» TASK STATEMENT
All that is needed is an exact copy of the lines from the beginning of the data below through the line containing "Satellite TV antenna", minus the pictures.

» Short text fragments from websites
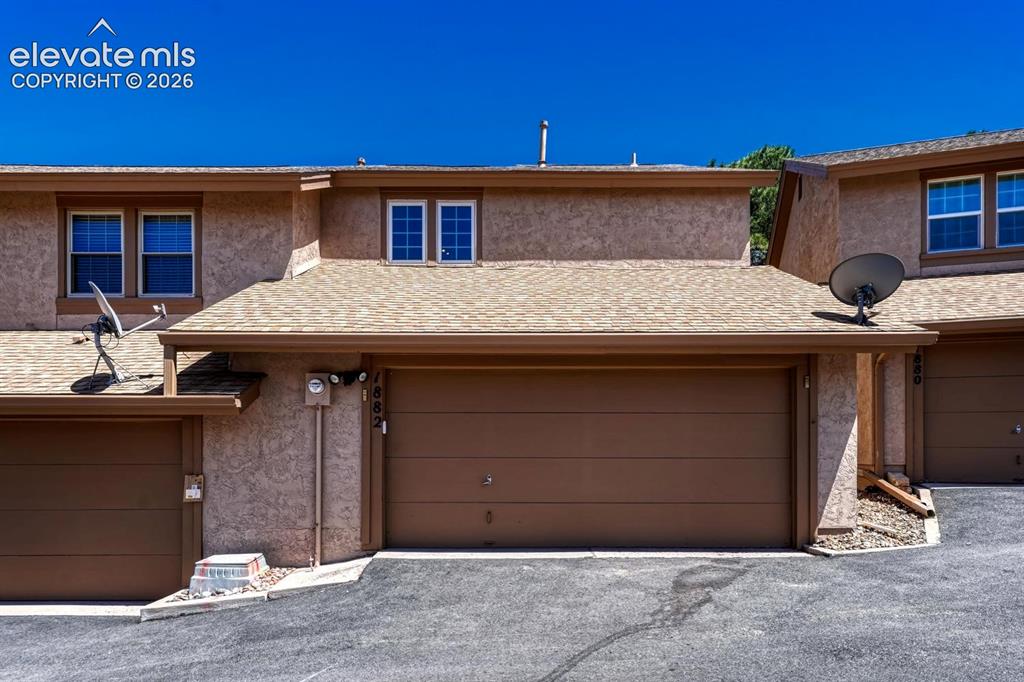 Image 42 of 48: Over-sized 2-car garage with storage and a work area.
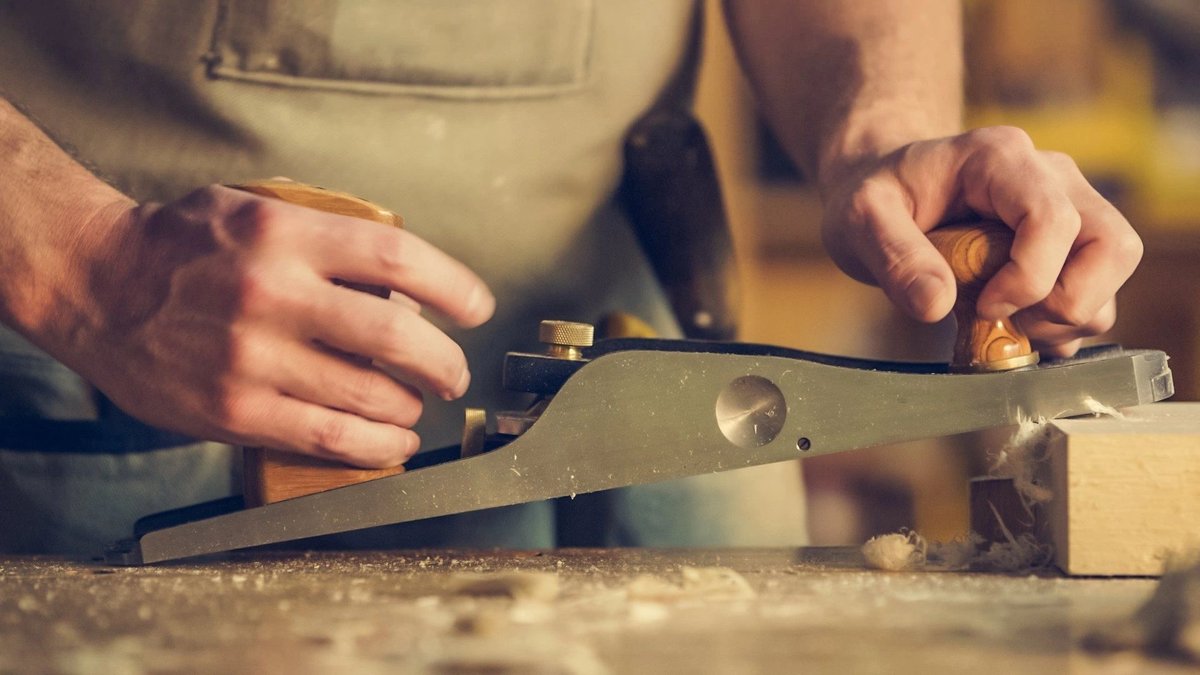 Close-up of a craftsman using a hand plane on a piece of wood, showcasing joinery skills.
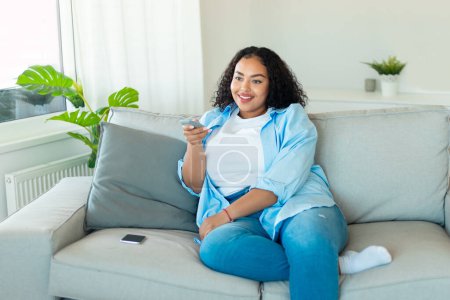 Foto de Feliz afroamericano más mujer de tamaño viendo la televisión, cambiando canales con mando a distancia, sentado en el sofá en casa. Programación televisiva y ocio de fin de semana - Imagen libre de derechos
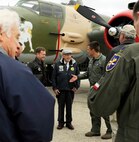 Lt. Col. Robert Bryant III (right), 559th Flying Training Squadron commander, greets retired Lt. Col. Richard Cole (center), former Doolittle Raider, Nov. 14 at Joint Base San Antonio-Randolph. At left is Lt. Col. Jeremy Seals, 559th FTS director of operations. For the complete story of Cole's visit, see page 6.
(U.S. Air Force photo by Johnny Saldivar )
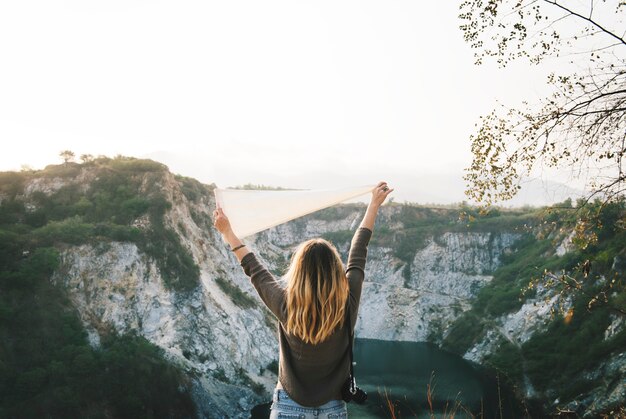 Le braccia della donna si sono alzate e tenendo la bandiera sulla montagna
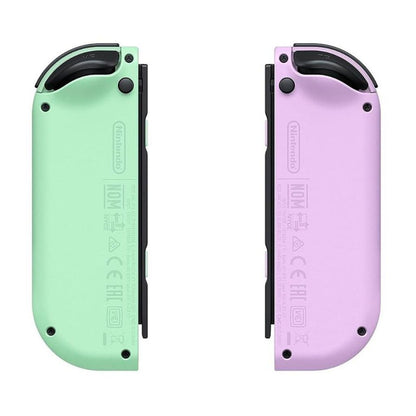 Two colorful lighters, one green and one purple, on a white background.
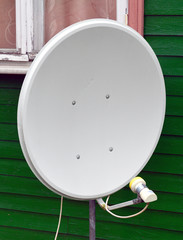 Satellite TV antenna on the wall of a wooden house
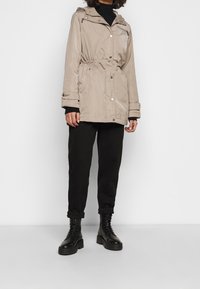 Béžová parka s pružným pasem, zipem a druky, a kapucí. Nositá přes černé kalhoty a černé šněrovací boty.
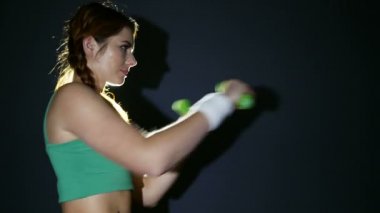  Çekici genç kadın kutusunu koyu arka plan önünde dumbbells ile spor
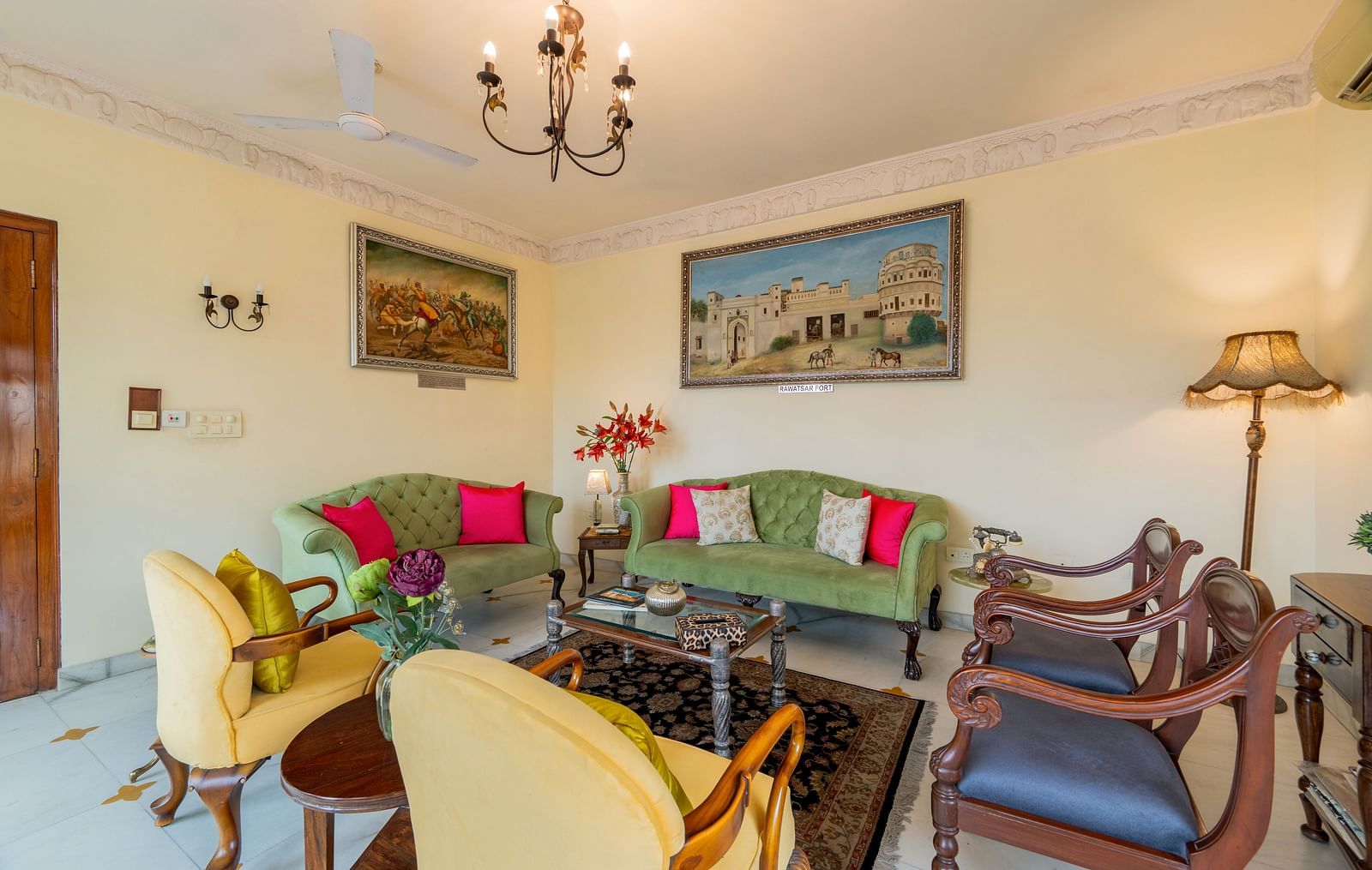 A living room with green and yellow sofas, colourful cushions, framed artwork, a chandelier, and a dark rug | Dera Rawatsar, Jaipur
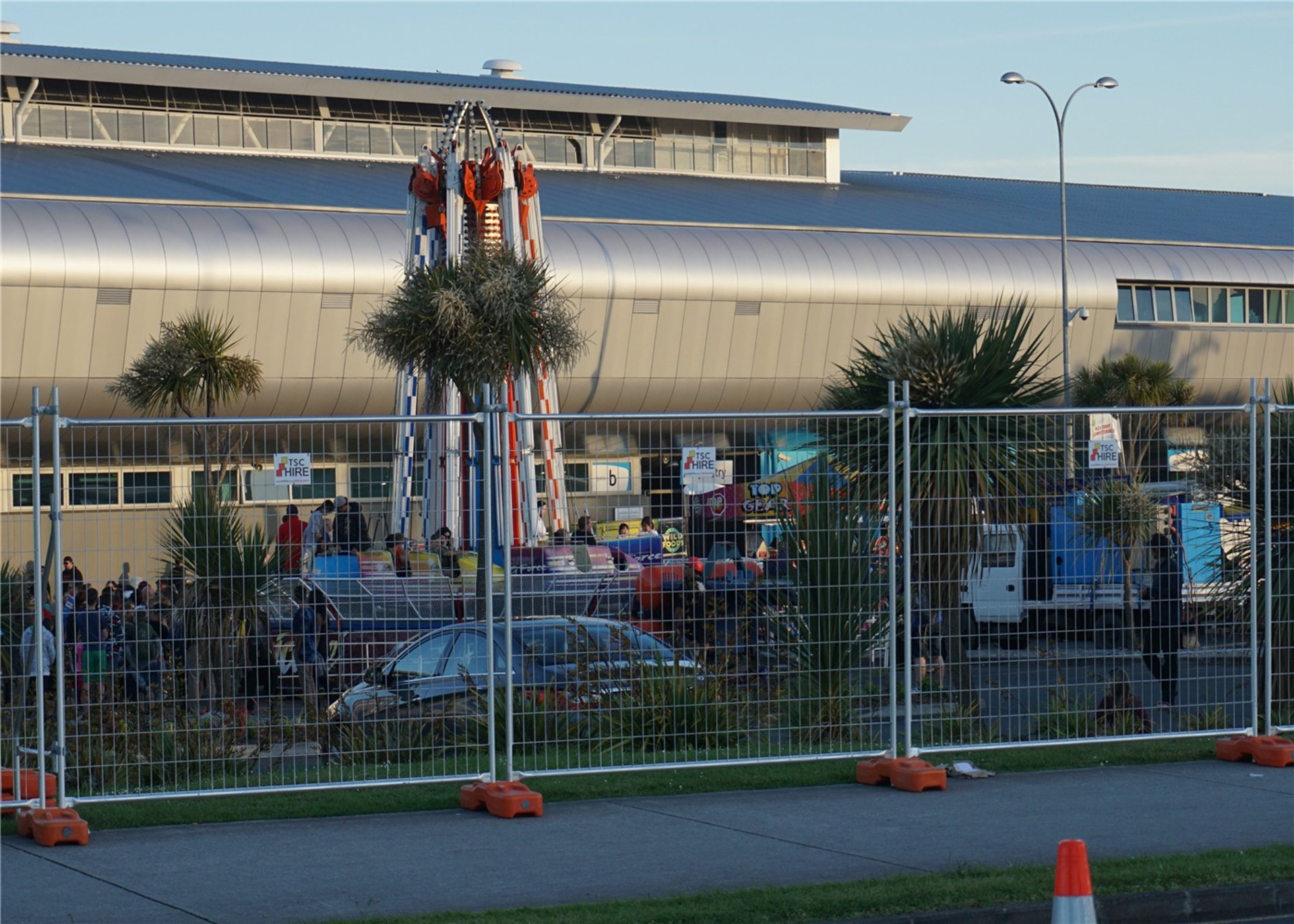 an abstract photo of a curved building with a blue sky in the background
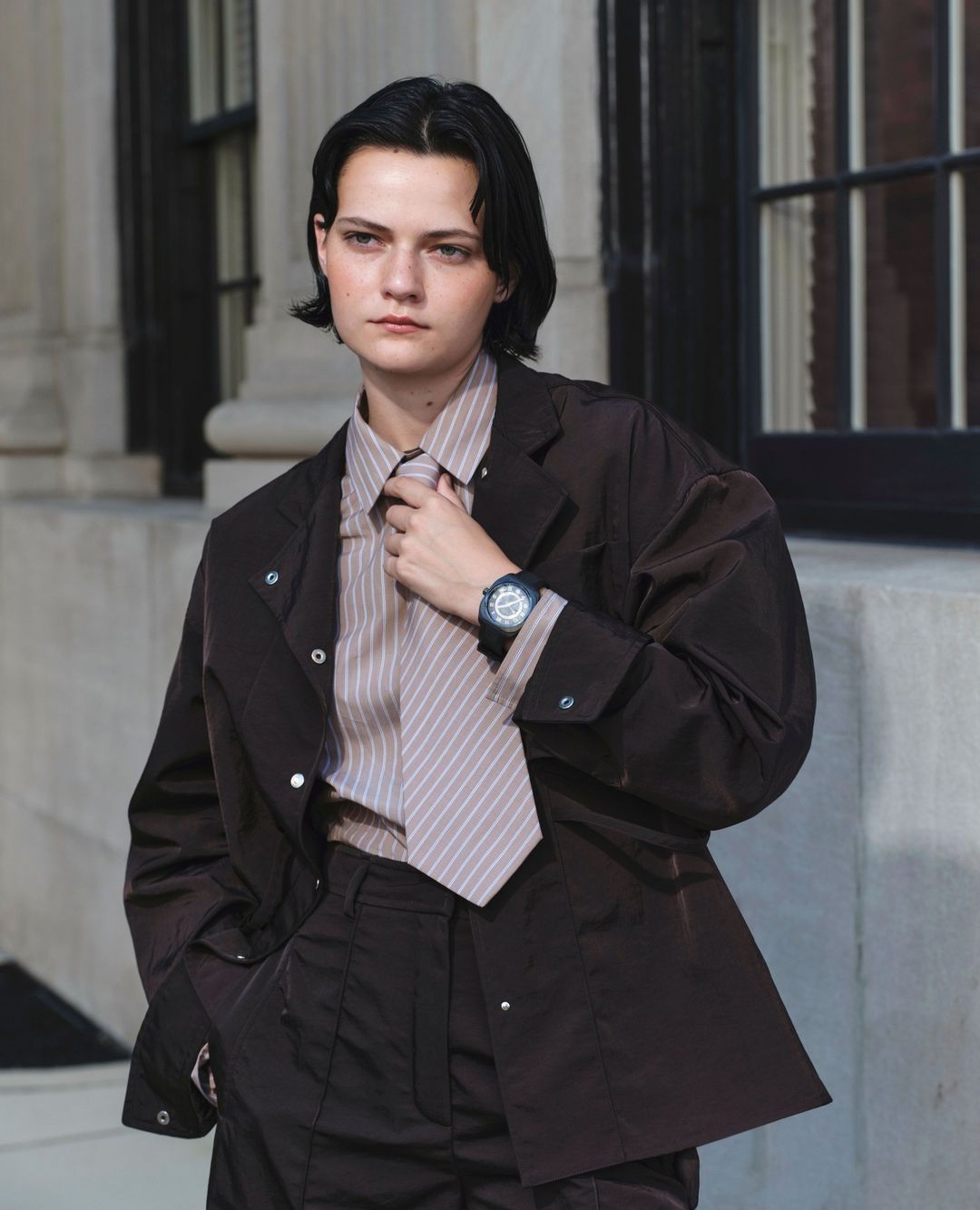 Adult female model in a brown jacket, pants, and striped shirt posing outdoors, looking at the camera with neutral expression.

» RESPONSE TO THIS EXERCISE
 Image 42 of 48: Over-sized 2-car garage with storage and a work area.
 Close-up of a craftsman using a hand plane on a piece of wood, showcasing joinery skills.
 Foto de Feliz afroamericano más mujer de tamaño viendo la televisión, cambiando canales con mando a distancia, sentado en el sofá en casa. Programación televisiva y ocio de fin de semana - Imagen libre de derechos
 Lt. Col. Robert Bryant III (right), 559th Flying Training Squadron commander, greets retired Lt. Col. Richard Cole (center), former Doolittle Raider, Nov. 14 at Joint Base San Antonio-Randolph. At left is Lt. Col. Jeremy Seals, 559th FTS director of operations. For the complete story of Cole's visit, see page 6.
(U.S. Air Force photo by Johnny Saldivar )
 Le braccia della donna si sono alzate e tenendo la bandiera sulla montagna
 Two colorful lighters, one green and one purple, on a white background.
 Satellite TV antenna on the wall of a wooden house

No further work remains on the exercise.